1. Field of the Invention
The present invention relates to a driver stage, and particularly to adjusting the output impedance of a driver stage for use in data transmission between semiconductor components.
2. Description of the Related Art
In data transmission between semiconductor components, the impedance properties of an interconnection line may have significance, specifically at high data rates. If an output resistance of a transmitter and/or the input resistance of a receiver are not matched to a line impedance, reflections arise at the line ends and overshooting and undershooting occur. As a result, the data transmission may not be accurate, and the signal falsified. Terminal resistors that are matched as accurately as possible to the line impedance may be integrated in transmitter and receiver modules. However, resistors based on polysilicon integrated in semiconductor components may have a resistance that fluctuates depending on process properties, temperature, and the supply voltage.
FIG. 7 shows diagrammatically a model for the data transmission between two semiconductor components including a transmitter 100 and a receiver 140. The connection between the semiconductor components 120 is effected by two lines, both characterized by a line impedance Z. The transmitter 100 has a differential output with a positive data output DP and a negative data output DM, corresponding to the two lines.
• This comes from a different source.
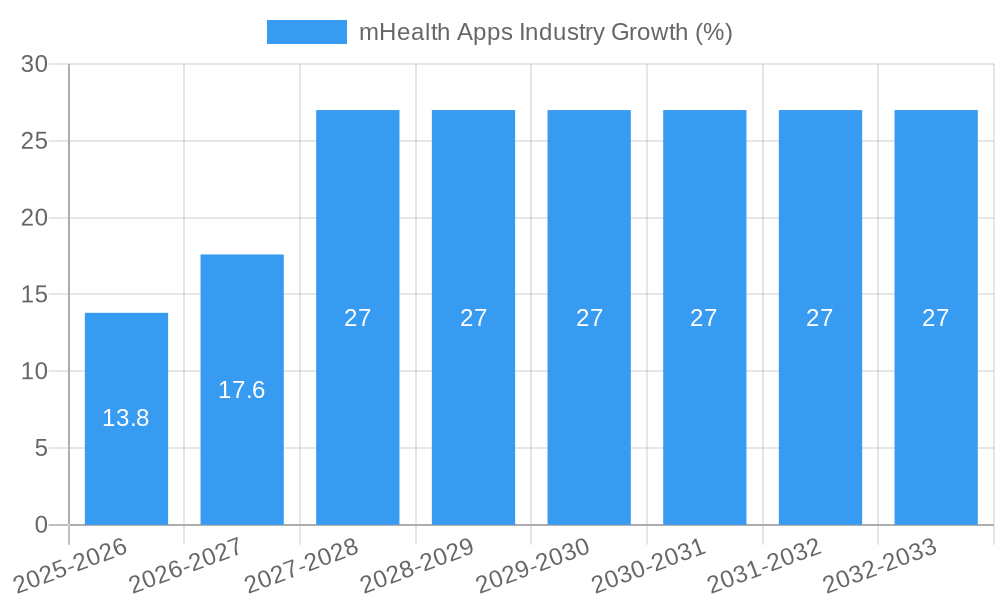 mHealth Apps Industry Growth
The respective output resistors of the transmitter 100 are shown diagrammatically by R1, while the respective input resistors of the receiver 140 are shown diagrammatically by resistors R2.
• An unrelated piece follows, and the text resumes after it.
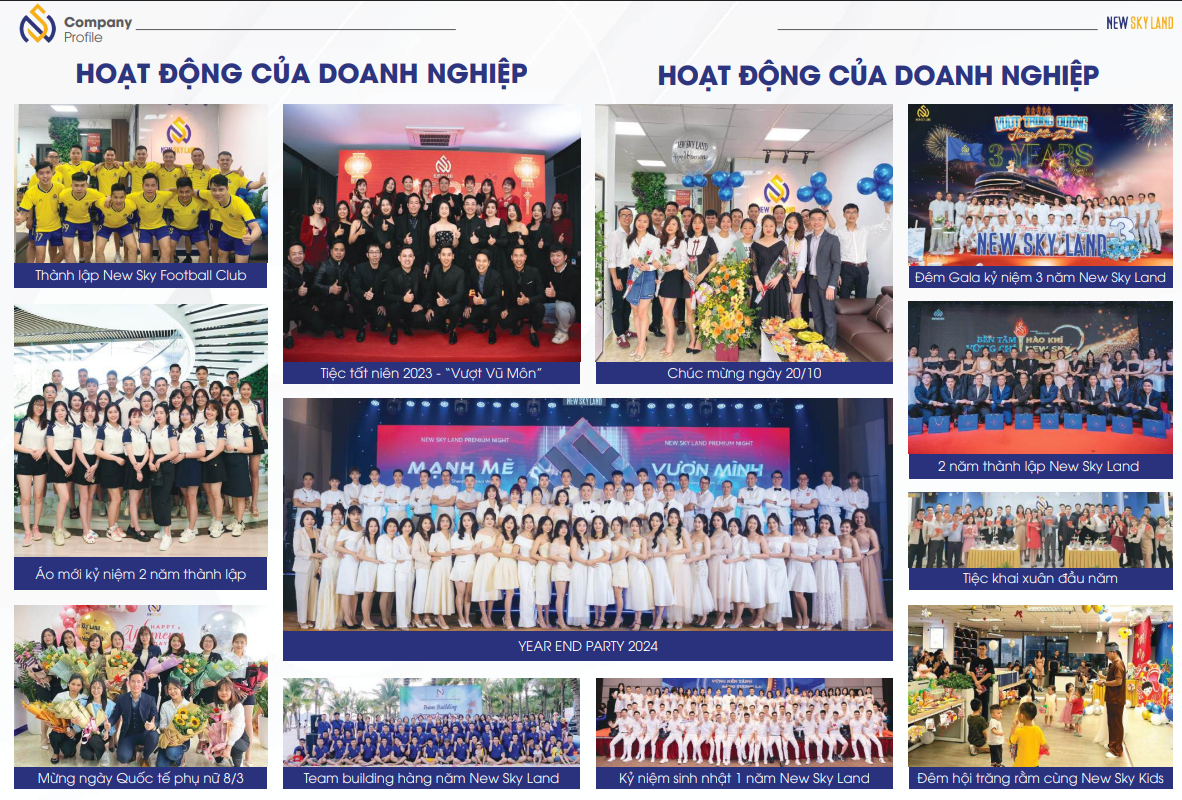 Hoạt động doanh nghiệp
FIG. 8 shows a typical configuration of the drive stage of a transmitter 100, such as the transmitter 100 of FIG. 7. The transmitter 100 has a pre-driver stage 11, configured to convert an input signal from an individual line into a differential signal for transmission via the two lines. One of two output driver stages 12, 14 is associated with each of the two signal components of the differential signal.
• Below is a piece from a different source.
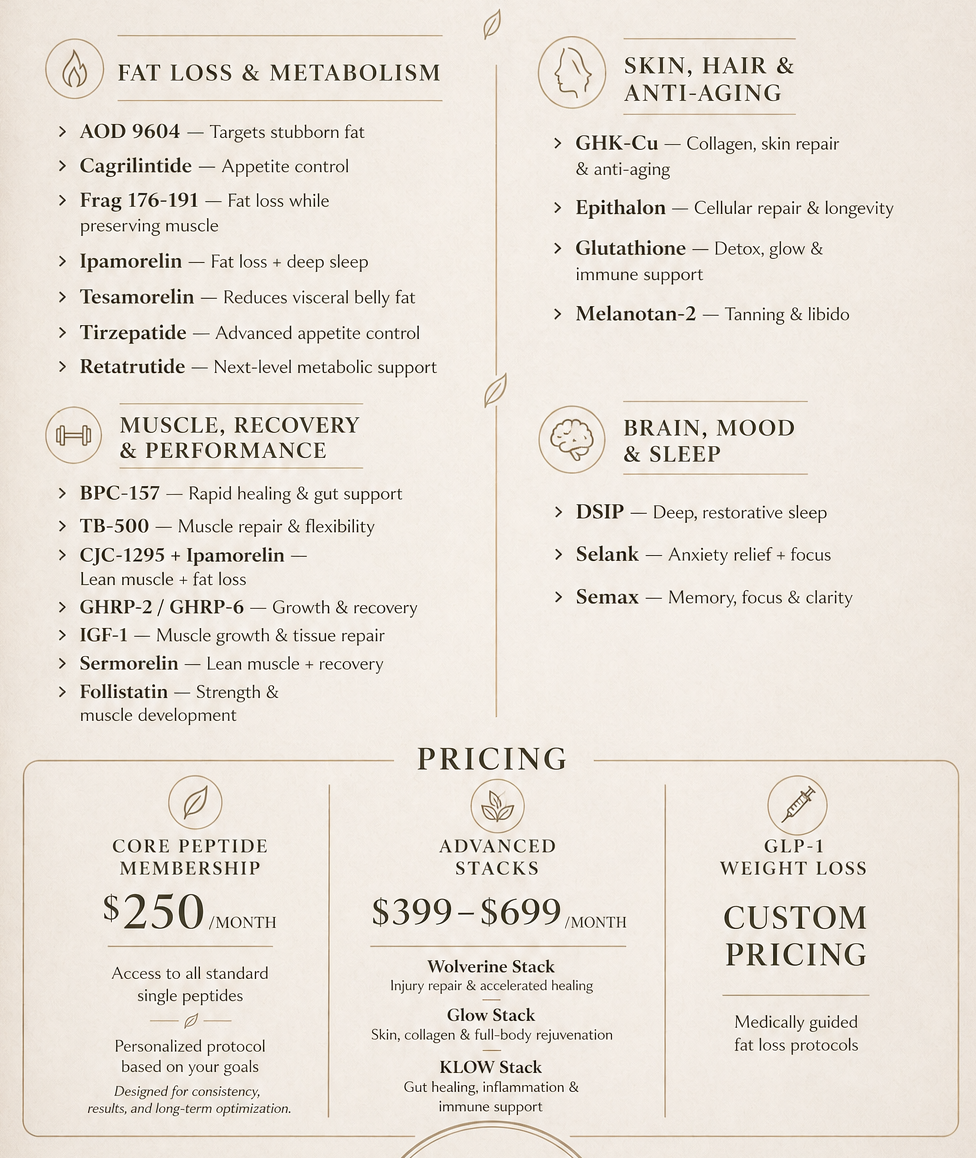 A wellness product menu divided into sections for fat loss, skin and anti-aging, muscle recovery, brain and sleep, pricing plans, and custom protocols. Contains lists of supplements and services with descriptions and pricing.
The output driver stages 12, 14 each include an inverter having a series connection of a pull-up transistor 15, two resistors 18 and a pull-down transistor 16 connected in sequence between a positive voltage source and a negative voltage source. The positive voltage source may be a positive supply voltage and the negative voltage source may be a ground. The pull-up transistor 15 is configured as a PMOS transistor, and the pull-down transistor 16 is configured as an NMOS transistor. A tapping for the output signal DP or DM is provided between the two resistors 18. The output resistance and the output impedance of the output driver stages 12, 14 are thus determined substantially by the value of the resistors 18.
In order to be able to match the output impedance of a driver stage as accurately as possible to the employed power impedance and to compensate for the influences of variations due to the production process, temperature or fluctuations in the supply voltage, the driver stage may be configured to have an adjustable output impedance. For example, a driver stage having multiple inverter branches may have an adjustable output impedance that can be adjusted depending on control signals. Individual inverter branches are activated and deactivated to adjust the output impedance of the driver stage, such that the output impedance is lower the more inverter branches that are activated.
Multiple control signals that are generated depending on the output impedance of the driver stage to be adjusted are used. The number of driver elements connected in parallel (i.e. the number of inverter branches) may be adjusted such that the output impedance of a pull-up region and pull-down region corresponds to a reference resistance, or to a multiple of a reference resistance. A voltage that decreases over the pull-up region or the pull-down region is measured, and is compared by a comparator to a voltage drop over the reference resistor. The counting direction of a counter is controlled on the basis of the output signal of the comparator, whereby inverter branches are activated or deactivated depending on the count. If the count only alternates between two adjacent values, the output impedance of the pull-up region or of the pull-down region is matched with the reference resistor. However, a problem arises in this case that only interferences that occur in the frequency range above the clock pulse frequency of the control circuit can be filtered out. An interfering, low-frequency noise thus remains.
A voltage drop at the driver stage may be averaged by oversampling so that noise that occurs in the measurement of the output impedance can be suppressed. There is still however a problem that errors are produced due to a voltage misalignment of the comparator and due to the noise at the comparator inputs. In particular the supply voltage of the circuit is implicated as noise source. This noise affects both inputs of the comparator (i.e., the falling voltage at the driver stage), which is a measure of the output impedance, as well as the reference voltage. Overall, fluctuations of the output impedance from the desired impedance (i.e., the line impedance) may therefore arise that are greater than the minimal step width of the impedance adjustment.
Accordingly, there is a need for an improved accuracy in the adjustment of the output impedance of a driver stage so that the output impedance of the driver stage may be adjusted with an accuracy that ensures that the actual output impedance of the driver stage differs from a reference resistance by less than the minimal step width of the adjustment.